-1

I need to read a line up to 128 bytes in chunks of 16 bytes and I was recommended to use fgets but I have 2 mayor problems with it.

First, it doesn't stop reading when it detects the \n. I need it to work with the Linux terminal and if a use for example

echo "ls -l\nls -l\nls -l" | ./mycode

What I expect to see as stdout is the 3 commands in different lines, but what I see is "ls -l\nls -l\nls" as a first line, and " -l" as a second line. And I need my code to work this exact input (and many others but this is just an example). So I need the code to recognize the \n and stop reading in that exact point until I tell the program to continue reading.

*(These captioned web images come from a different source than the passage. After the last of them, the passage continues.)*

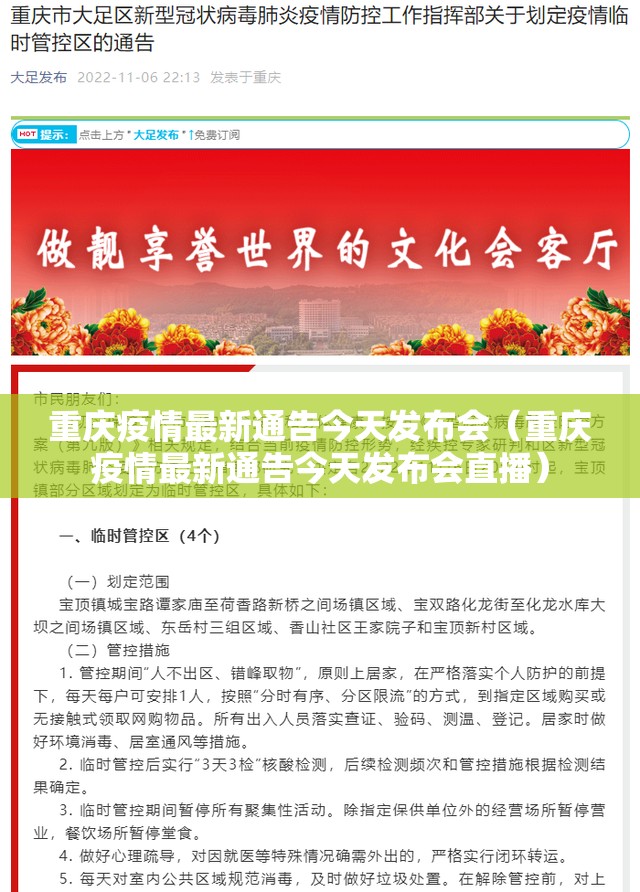 重庆疫情最新通告今天发布会（重庆疫情最新通告今天发布会直播）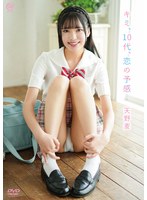 MMRAA-418 샘플 1
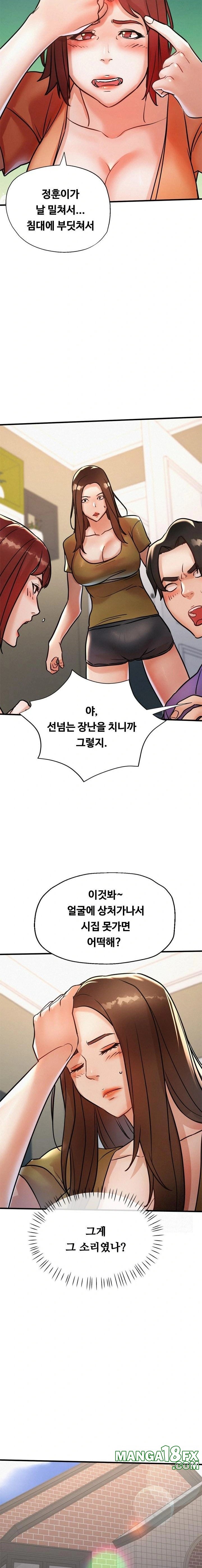 My Stepmom is My Friend's Mom Raw - Chapter 13 Page 15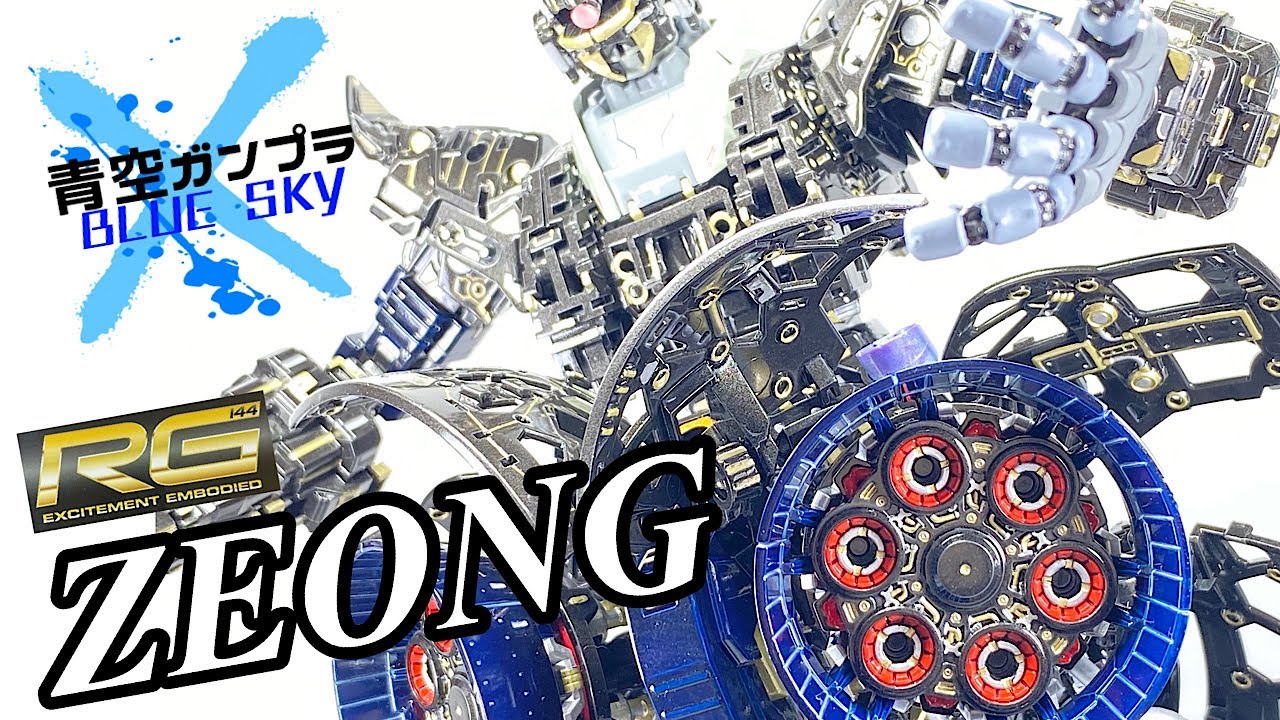 【ガンプラ】缶スプレーと筆で鬼塗装！不気味で気持ち悪いRGジオングが出来ました！2ヶ月以上かけてリアルグレードのジオングを全力制作したら自分でもビックリの出来になった　フレーム編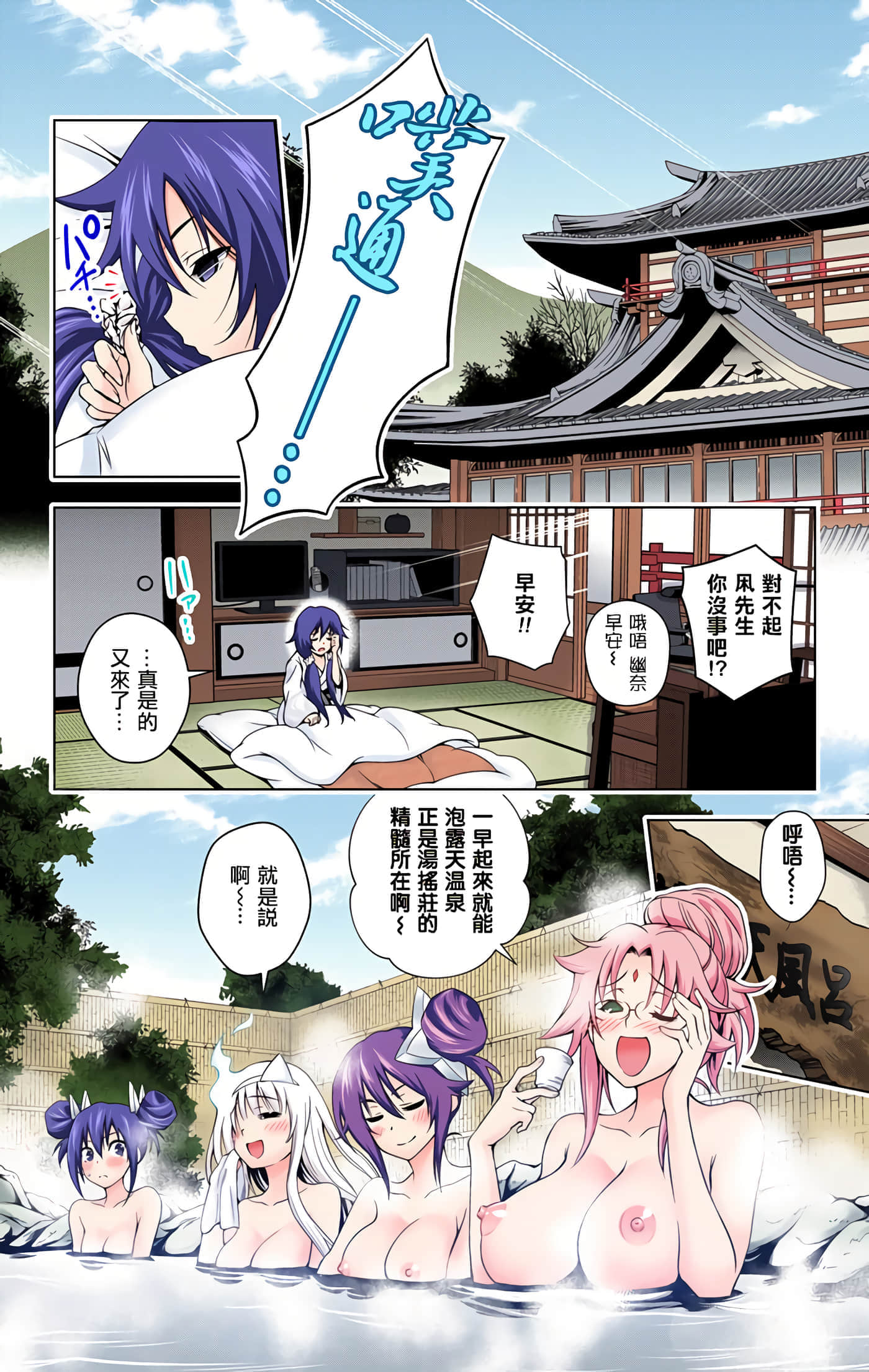 Page 126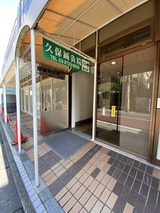 22D215B4-687B-4B16-A772-83EF081B501C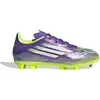Buty adidas Junior F50 League FG/MG JH7747 36 2/3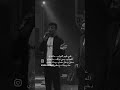 موال حزين فيصل يشلع القلب #اكسبلور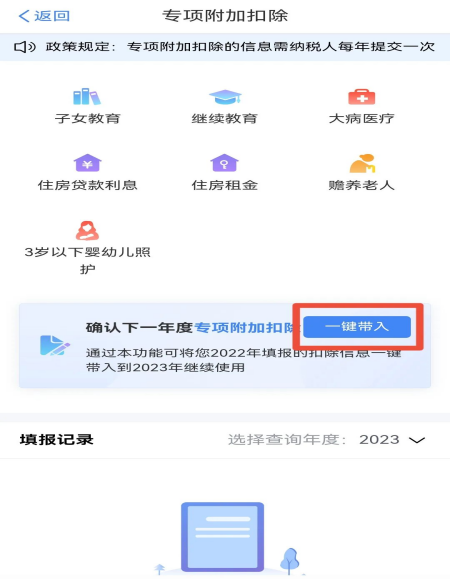2023年度個稅專項附加扣除確認操作流程(圖2)
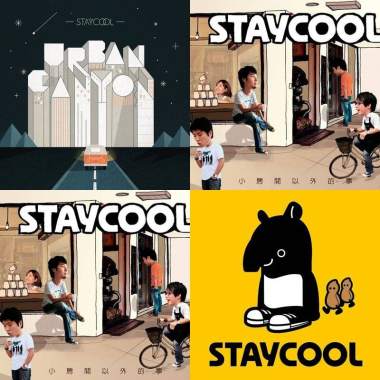 staycool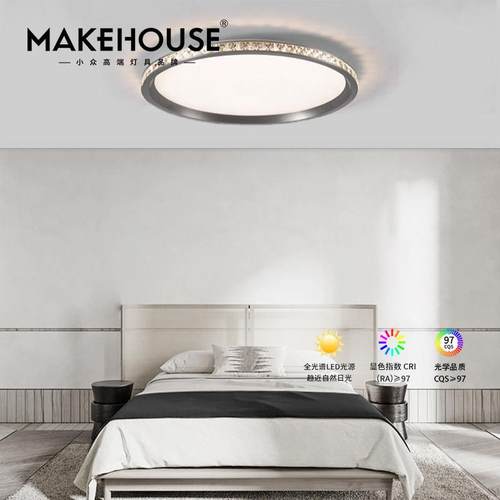 意式极简客厅卧室吸顶灯侧发光LED现代简约高端设计师家用新款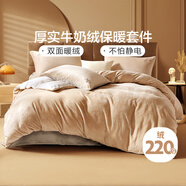 富安娜牛奶絨四件套雙人冬季套件加絨床單被罩 之星黃【雙面牛奶絨】 1.5米床 床單款 （被套203*229cm）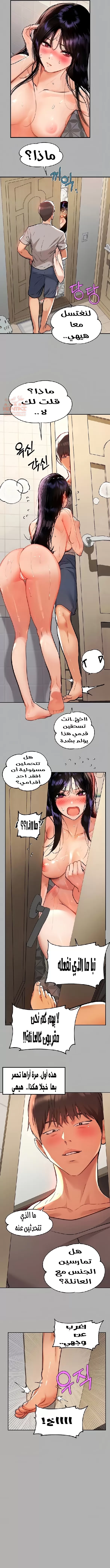 مالكة الارض اختي الكبيرة - 41 - 652be56906d95.webp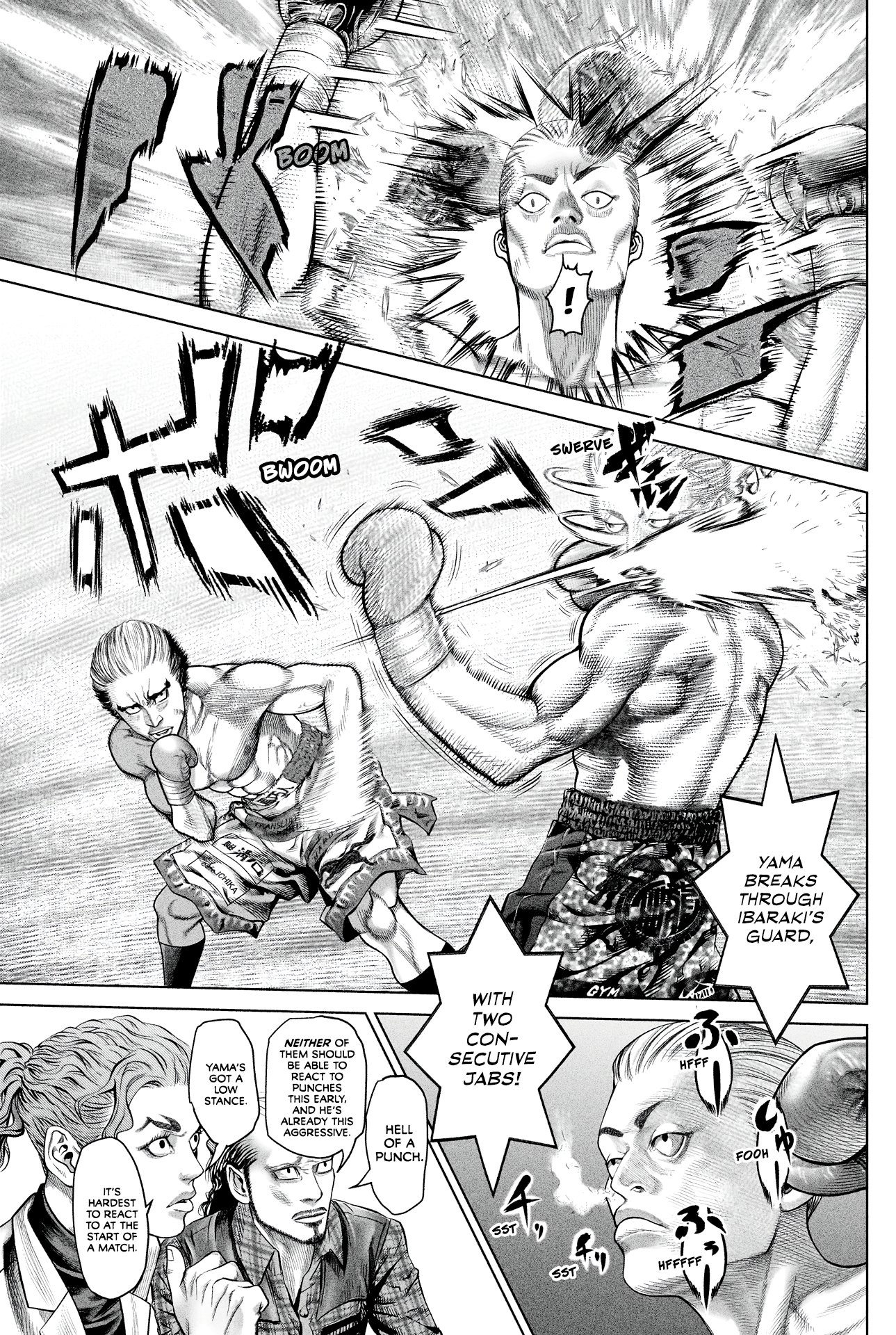 Genikasuri, Chapter 8, page 7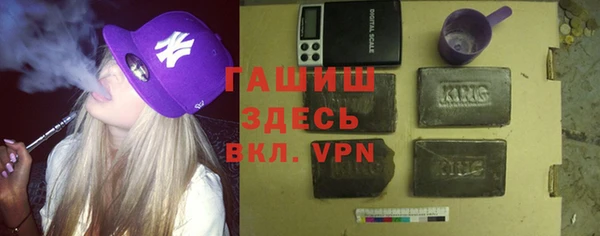 стафф Яровое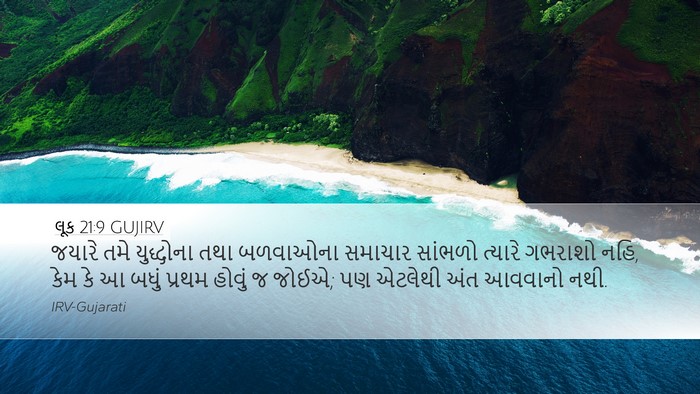 લૂક 21:9 GUJIRV Bible Verse Image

This is what I have right now made as a test:

#include <stdio.h>
#include <stdlib.h>

#define BUF_SIZE 16

int main(){
    char *buf = malloc(sizeof(char) * BUF_SIZE);
    while((fgets(buf, BUF_SIZE + 1, stdin)) != NULL){
        fprintf(stdout, "%s\n", buf);
    }
    return 0;
}

Also, once I can read the line until newline without problems, I also need to combine all the parts read in a variable of also the char * type.

wovano
  • 4,543
  • 5
  • 22
  • 49
  • 2
    The `+1` is wrong, though it's probably not your immediate problem. – pmg Oct 08 '22 at 19:22
  • 3
    you may want to try `$ echo -e "ls -l\nls -l\nls -l" | ./mycode` ... https://i2.paste.pics/73538ca3e832815eb6a85a2d3a370230.png – pmg Oct 08 '22 at 19:24
  • 1
    Previously [How can I read from stdin until new line in groups of 16 bytes?](https://stackoverflow.com/questions/73998696/how-can-i-read-from-stdin-until-new-line-in-groups-of-16-bytes-c) – Weather Vane Oct 08 '22 at 19:31
  • I have already included the stdib but I haven't written the includes. And what do you refer to warnings? Also, I can't use the -e. One of the test the program has to pass is the exact command I wrote in the question – Joaquín Ayala Filardi Oct 08 '22 at 19:48
  • Then you're out of luck. Because without the `-e` it sends the literal characters \ and n. – Cheatah Oct 08 '22 at 22:01
  • pmg meant: do include this **in your question**. We cannot see the code you have on your computer, only the code you posted here. The question should include a [mre]. If we copy-paste your original code, we get `error: ‘stdin’ undeclared`. However, we should be able to copy-paste your example code and run it without having to manually modify it. The cast is also unnecessary and distracting. I fixed both issues now, but please make sure to do this yourself the next time you post a question here. Thanks. – wovano Oct 09 '22 at 10:14
  • You will need at least 128 bytes of memory to do this, and probably 129 for convenience of working with a NUL-terminated string. It doesn't matter what granularity you read input with, it matters what size the maximum input is. – Neil Oct 09 '22 at 21:37
  • Are you talking about a dfa that recognizes two symbols, `[^\\\x00]+`, `[\\n]`? Like, literally { '\\', 'n' }? – Neil Oct 09 '22 at 22:06

1 Answers1

0

I need to read a line up to 128 bytes in chunks of 16 bytes and I was recommended to use fgets but I have 2 mayor problems with it.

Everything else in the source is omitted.